Okay, I'll bite. We had Zenith Data System's Z-286's, boosted to 386's via an excellerator (imagine a large boot stomping lots of data through a small 16 bit funnel...). We were running SCO's Xenix. The user filesystem crashed in such a way that it couldn't be repaired via fsck. fsck would try to repair a specific file and then just stop, leaving the filesystem dirty. The "dirty bit" in the superblock said that it couldn't be mounted because it was dirty. But it couldn't be cleaned. But there was lots of data on it and I hadn't been doing backups because the only I/O device to do backups was the floppy drive and I wasn't about to sit there every night or even once a week and slam 30 odd floppies into the drive while the backups ran, even worse try to restore a file from a backup of 30 floppies.... Anyway, to recover the data I used fsdb to edit the superblock and change the dirty bit to clean, mounted the disk, got off all the good data, and remade the filesystem.
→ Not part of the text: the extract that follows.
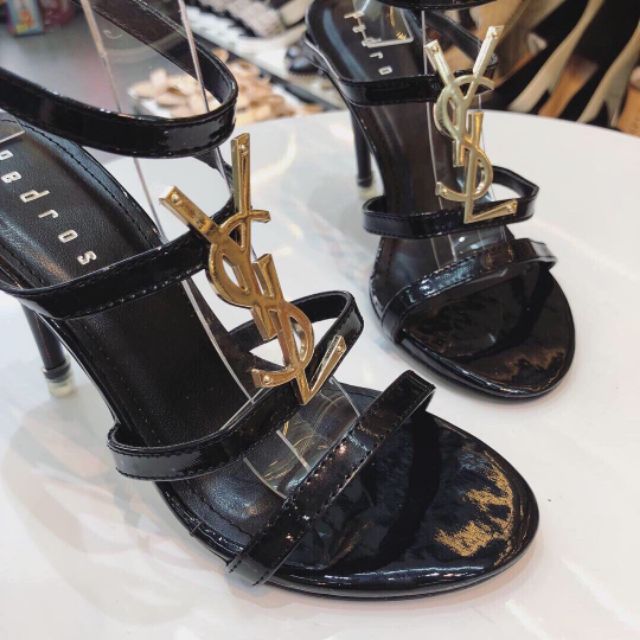 Freeship 99k TQ_Guốc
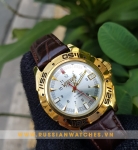 Dôồng hồ VOSTOK PARTNER AUTOMATIC 31 JEWELS - VO09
Thanks, Xenix. fsck couldn't clean it, but you did supply fsdb! *whew*
Well, here's a few contributions of mine, over 10 years of hacking Unixoid systems:
So - we got a system that I can login to, but can't 'su' to root. And since I'm not root, I can't continue the update install, or clean things up. I was in no mood to pull the plug on the machine when I didn't know what state it was in - was kind of in no mood to reboot and find out it wasn't rebootable.
I finally ended up using FTP to coerce all the files in /etc/security so that I could login as root and finish cleaning up....
Ended up having to reboot *anyhow* - just too much confusion with the updated shared library...
I finally got saved when I realized the cluster had *5* machines in it - a lone PS/2 had crashed the night before, and failed to reboot. So it had a propogated copy of /etc/passwd as of the previous night.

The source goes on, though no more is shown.